Via Jonah Goldberg, AEI’s Mark Perry reaches deep into his bag of greatest hits and hauls out the chart on the right:
As the chart below shows (data here), the top 1 percent of taxpayers paid 40.42 percent of all income taxes collected in 2007 ($451 billion), the highest share in modern history for that group….One could even argue that the Bush tax cuts of 2001 and 2003 were actually huge “tax cuts for the poor and middle class” because they helped to increase the number of “non-payers” by more than 14 million Americans between 2000 and 2007. Secondly, the tax burden on “the rich” — the top 1 percent of taxpayers — reached a record high in 2007 of more than 40 percent, and was higher after the Bush tax cuts than before.

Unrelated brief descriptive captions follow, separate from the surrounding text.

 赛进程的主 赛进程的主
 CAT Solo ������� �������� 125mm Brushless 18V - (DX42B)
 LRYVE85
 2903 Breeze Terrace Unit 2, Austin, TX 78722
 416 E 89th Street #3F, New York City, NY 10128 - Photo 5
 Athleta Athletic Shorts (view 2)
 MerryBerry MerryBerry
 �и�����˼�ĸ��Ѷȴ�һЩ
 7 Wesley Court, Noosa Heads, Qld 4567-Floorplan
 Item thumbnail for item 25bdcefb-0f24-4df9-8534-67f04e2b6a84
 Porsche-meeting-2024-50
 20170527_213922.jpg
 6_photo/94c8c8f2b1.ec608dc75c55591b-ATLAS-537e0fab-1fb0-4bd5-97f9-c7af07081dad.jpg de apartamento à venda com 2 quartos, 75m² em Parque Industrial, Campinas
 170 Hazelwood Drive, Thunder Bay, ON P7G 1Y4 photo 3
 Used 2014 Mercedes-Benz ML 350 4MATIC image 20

It’s true that the share of income tax paid by the rich went up between 1980 and today. But that’s because the share of income earned by the rich went up during that period. In fact, it more than doubled. And since income taxes are a percentage of income, you’d pretty much expect that if your share of income more than doubled, then your share of income tax would also more than double.
But for the top 1% it didn’t. It just doubled. In other words, it went up a little bit more slowly than their actual increase in income. Why? Because tax rates on the rich have decreased steadily under Republican presidents since 1980.
Griping about taxes is every American’s birthright. But if your share of the income pie increases by 135% over thirty years while everyone else stagnates, you’re a pretty lucky ducky. Surely the least you can do is not complain that your share of the tax bill went up by only 100%?